米スタートアップのAntares(アンタレス)が開発する小型モジュール炉(SMR)が、アイダホ国立研究所での試験において初めて「臨界」に到達した。Ars TechnicaのシニアサイエンスエディターJohn Timmer氏が2026年6月5日に報じたもので、トランプ政権の核エネルギー加速計画の中で、新世代の炉設計が初めてこのマイルストーンを達成した出来事として注目されている。
「臨界」とは何か——まず基礎から整理する
「臨界(criticality)」とは、原子炉内の核分裂反応が自己持続する状態になることを指す。Ars Technicaの報道によると、AntaresのMark 0リアクターは今回この臨界に到達したものの、現時点では発電設備には接続されていない。現段階の目的は、同社が構築してきた物理モデルの検証と、ライセンス申請に向けた安全データの収集だ。

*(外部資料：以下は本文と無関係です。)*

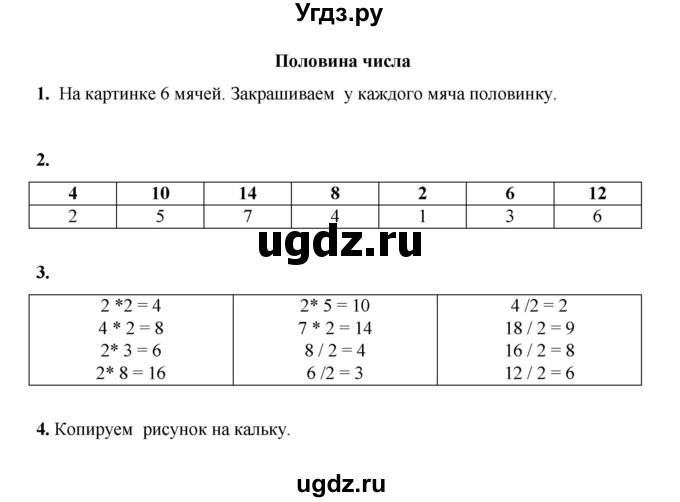 ГДЗ (Решебник к учебнику 2023) по математике 2 класс (рабочая тетрадь) Рудницкая В.Н. / часть 1 (страница) / 54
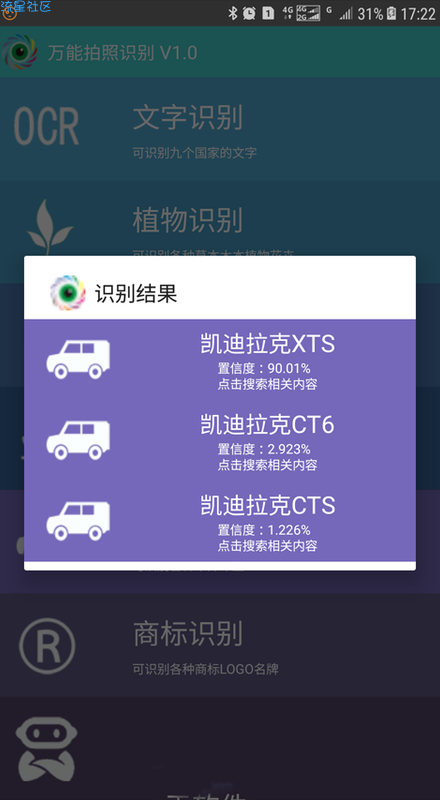【实习】万能拍照识别（*VIP*）v1.43破解版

発電を含むシステム全体での試験は2027年に予定されているという。
TRISO燃料が変える原子炉設計の常識
Antaresの最大の技術的特徴は、TRISO(Tri-structural ISOtropic)燃料の採用だ。Ars Technicaの解説によると、この燃料は以下の多層構造で構成される。
- コア: 二酸化ウランの微細ペレット
- 中間層: 複数のカーボン層(中性子や軽核の速度を減速)
- 外殻: 高硬度セラミック(高温環境に耐える設計)
この構造により、従来の原子炉で懸念されてきた「メルトダウン」や危険な放射性同位体の漏洩リスクを大幅に低減できる。安全機能の一部を燃料ペレット自体に内包させる——この設計思想が根本的に新しい点だ。

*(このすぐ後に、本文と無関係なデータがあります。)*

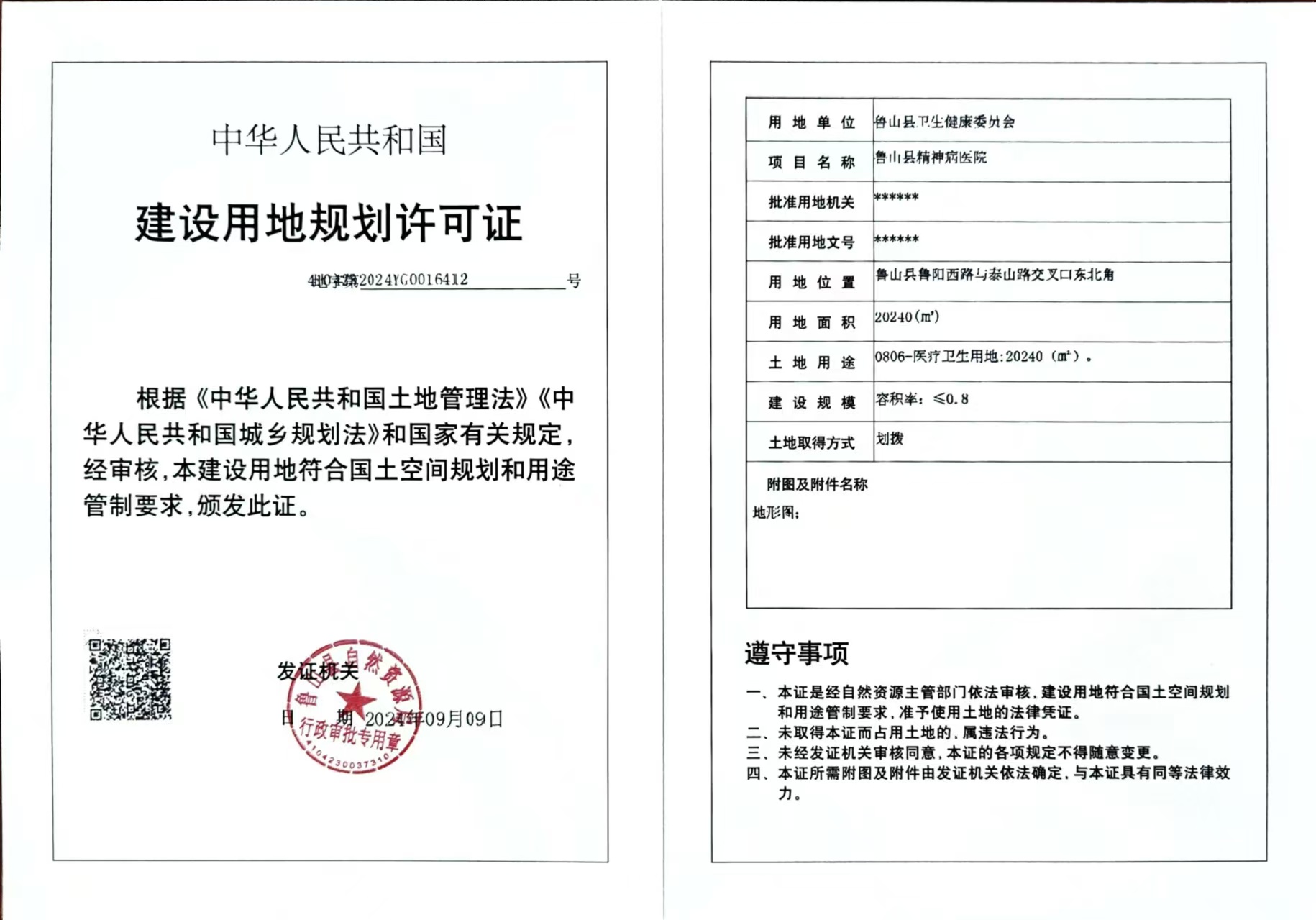 精神病医院用地.jpg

John Timmer氏の報道では、Antaresの炉はさらにグラファイトシースで中性子の大半を遮蔽し、熱輸送には液体ナトリウムを使用。熱交換後は密閉型ブレイトンサイクル(加圧窒素でタービンを駆動)で発電する設計であることも紹介されている。
政府・軍との連携、NASA支援も
プロジェクトの背景には、2025年に発令されたトランプ政権の行政命令がある。米エネルギー省(DOE)に対し、1年余りで3つの異なる炉設計を臨界に到達させるよう指示したものだ。Ars Technicaによると、Antaresはその第一号となった。
同社はDOEのアイダホ国立研究所での作業と並行して、国防総省の「Project Pele」(移動式核炉開発プログラム)にも参加しており、NASAからの支援も受けているという。民間・政府・宇宙機関をまたいだ多方面での引き合いが、この技術への期待の高さを示している。
日本市場での注目点
日本においてSMRは「原子力ルネサンス」の文脈で継続的に議論されているが、具体的な建設計画はまだ緒に就いていない。今回のAntaresの達成は、以下の観点から日本にとっても無関係ではない。
- データセンター電力需要の急増: 生成AIブームにより国内外でデータセンターの電力消費が爆発的に増加しており、クリーンで安定した電源としてSMRへの政策的関心が高まっている
- エネルギー安全保障: 再エネだけに頼らない分散型電源の選択肢として、SMRは国家戦略の俎上に上がりつつある
- TRISO技術の輸入可能性: 安全性の証明が進めば、将来的な日本導入をめぐる議論が現実味を帯びてくる
なお、日本での導入・発売予定といった具体的な情報は現時点で存在しない。価格も非公開で、軍・政府向け契約が主体となる見通しだ。
筆者の見解
Antaresの臨界達成は、SMRが「スタートアップの構想」から「試験可能な実機」へと移行した点で、技術史的に意義深い一歩だ。
特に注目したいのは、生成AIの普及が電力インフラに与えている圧力との接点だ。大規模言語モデルの学習・推論ワークロードが爆発的に増加する中、データセンターの安定した電力調達は今後10年で最大の制約要因になりうる。変動性を持つ再生可能エネルギーだけでは埋めきれない「常時安定供給」へのニーズにSMRは応えられる可能性を持つ。
技術的なアプローチとして見れば、TRISOベースのSMRは既存の核技術の改良延長線上に位置する手堅い選択だ。革新的な新設計に飛びつくのではなく、燃料の安全性を本質的に改良した上でスケールダウンする——この「道のド真ん中を歩く」アプローチは再現性が高く、ライセンス取得においても合理的な戦略といえる。
2027年の発電試験に向けた進捗を、エネルギーとAIの交差点として引き続き注目したい。
出典: この記事は Small modular nuclear reactor reaches criticality in first test の内容をもとに、筆者の見解を加えて独自に執筆したものです。